The ordinance was introduced to regulate the private educational institutions after the parents of school children and civil society started agitation against the extraordinary hike in fees by private schools.
The ordinance bars the private institutions from charging extra fee during the academic year, 2015-2016, and says that every private institution will collect the same fee it was collecting in 2014 and 2015.
Jawdani said he challenged the ordinance after consulting his legal team and hoped the court would set aside the ordinance.
“I have learnt from reliable sources that this ordinance is a political gimmick of the incumbent government to gain public sympathy prior to the upcoming local bodies elections,” he maintained.
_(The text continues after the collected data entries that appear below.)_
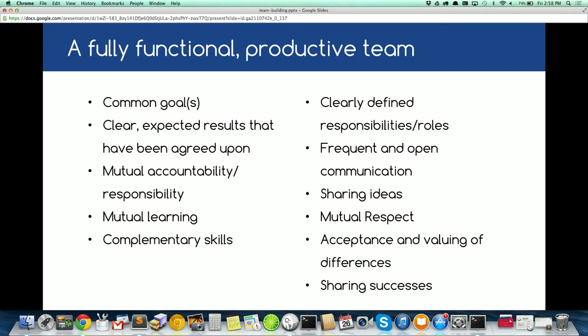A fully functional product team has these attributes: common goals, clear expected results agreed upon by the team, mutual accountability and shared responsibilities, mutual learning, complementary skill sets, clear role identification, frequent open communication, sharing ideas, mutual respect, accepting and valuing differences, and sharing success. It's important that people feel safe to share their weaknesses — because what one person is bad at, someone else might actually enjoy doing.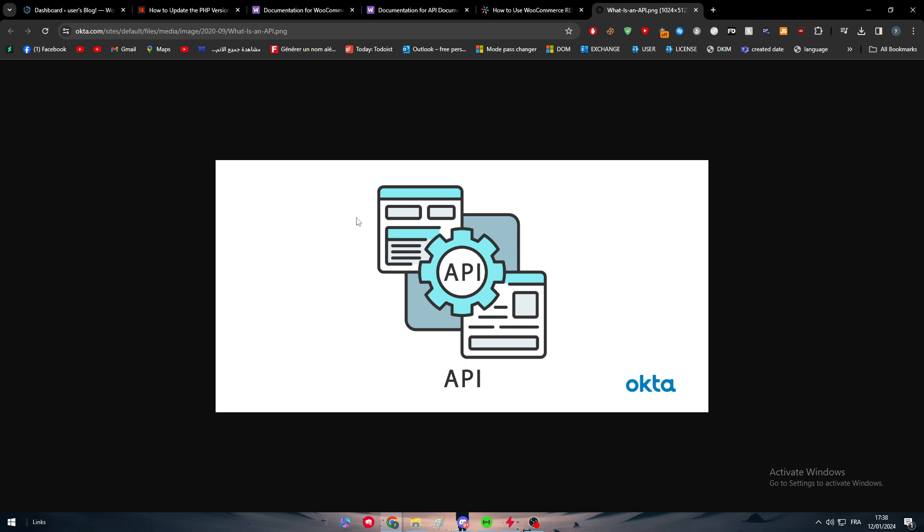For example, we've made dozens of videos explaining the integration of software X with software Y. This process is used by an API key that allows us to integrate both of these applications. It defines the methods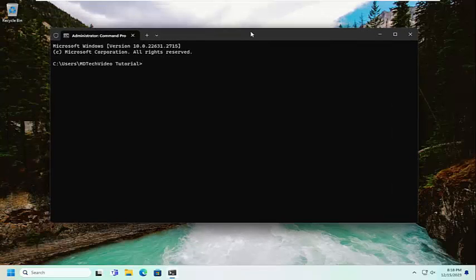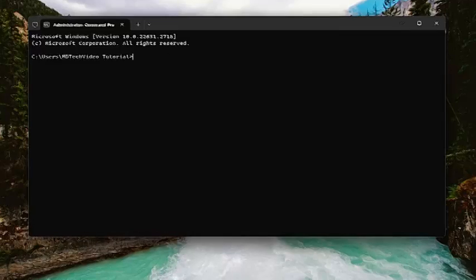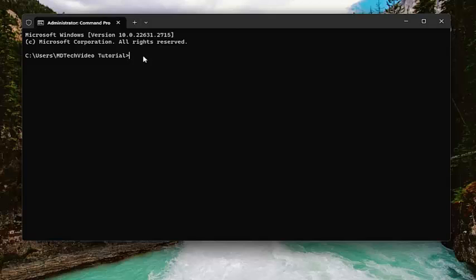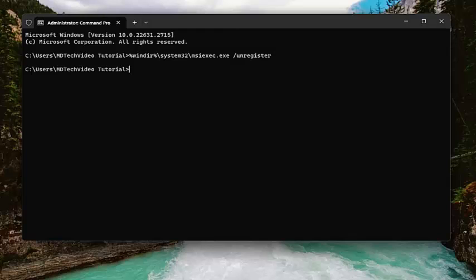Now I'm going to have a couple of commands in the description of the video. Go ahead and copy the first one and paste it into the command prompt window. Just right click on the top bar, edit, and then paste, or you can just tap Control V on your keyboard and hit enter.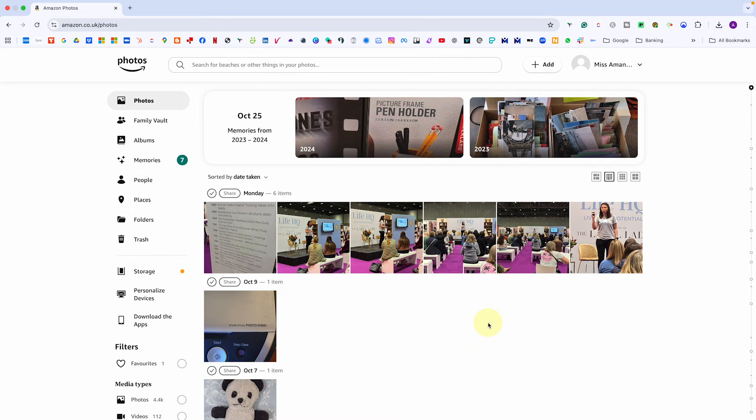Let's start with the web version of Amazon Photos because this is the easiest way to see everything in one place. Head to photos.amazon.com and sign in with your Amazon account. You'll land straight on the photo timeline, which is basically your entire photo library laid out in one long scrollable gallery.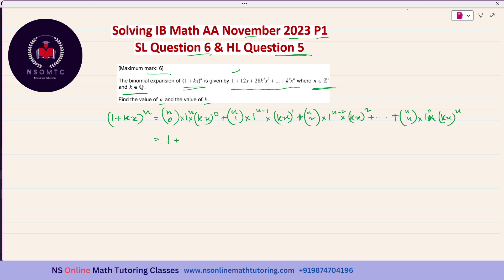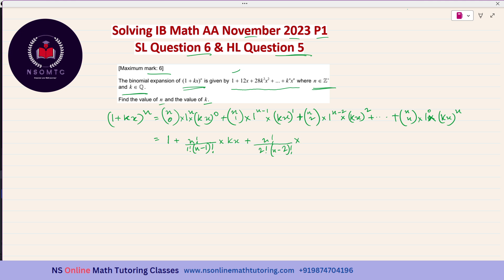For the second term, nC1: since this is Paper 1 with no calculator and n is a variable, we compute it as n! over (1! · (n−1)!), which simplifies to n. So the second term is n·kx. For the third term, nC2 gives n! over (2! · (n−2)!). The last term, nCn, is 1, giving kⁿxⁿ.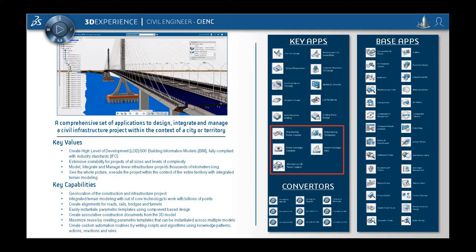In this video we will present the bridge design assistant which allows you to easily create your bridge based on templates.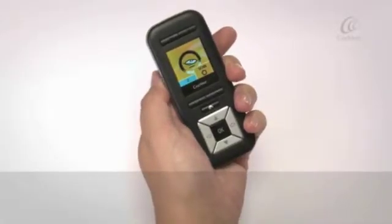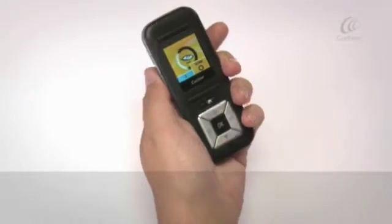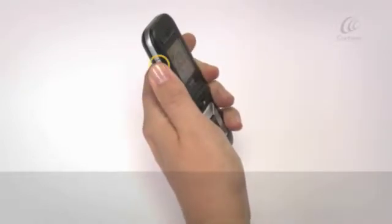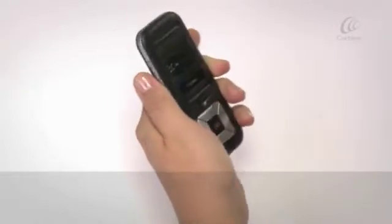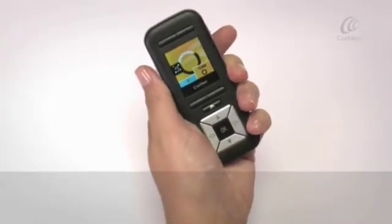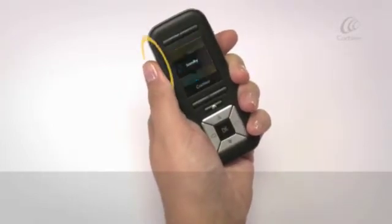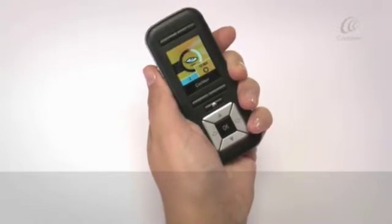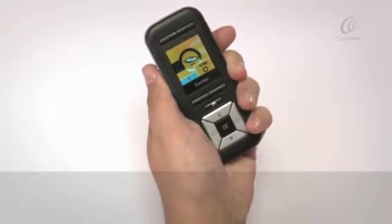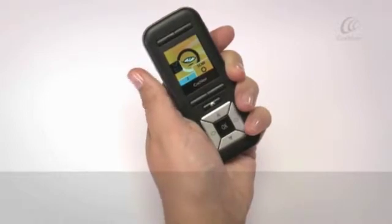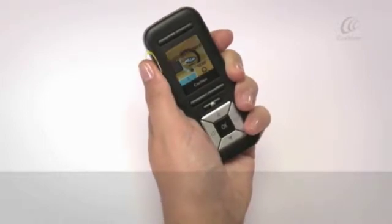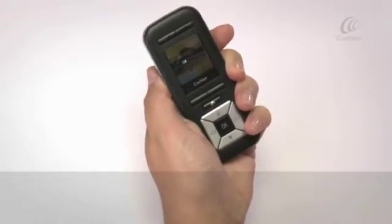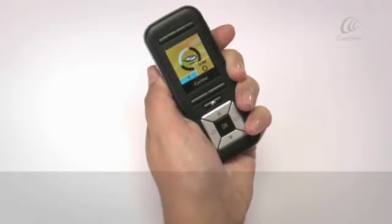To use telecoil or auto telecoil, press the telecoil button once to turn telecoil on. Press the telecoil button again within five seconds to turn auto telecoil on. Press the telecoil button again to turn telecoil or auto telecoil off.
According to Jawdani, 97 per cent of private schools in Punjab charge fee from Rs 100 to Rs 1,500 and these schools are located in far-flung areas of the province where the state has failed to impart education.
Jawdani, who charges up to Rs 1,300 per month in his school, told this scribe that 30,000 private schools had been closed by their management in recent years because of the exorbitant taxes levied on private schools.
He was of the view that people willingly send their children to elite schools because of the status symbol, and said that now these parents were demanding a cut in fee.
Jawdani said there were 70,000 registered schools under the banner of APPSA, and these were sharing the burden of the state by imparting quality education.
He said that private schools did not receive any grant from the government, whether as intuitions like the Aitchison College received heavy grants, but still charged a fee that was out of the range of a common man and no one dared to demand a cut in fee there.
“We can take to the streets, but we have decided to take the legal course to get justice,” concluded Jawdani.
SCHOOLS PUT ON NOTICE:
District Officer (DO) Education Lahore Hasnaat Ahmad meanwhile said notices had been issued by the office of the District Coordination Officer (DCO) to 40 schools on complaints registered by parents.
Ahmad said the elite schools were making a hue and cry as no one had dared to tame them in the past.
DCO Lahore Capt (r) Usman told Pakistan Today that stern action would be taken against non-compliance and the government would defend its action in the court.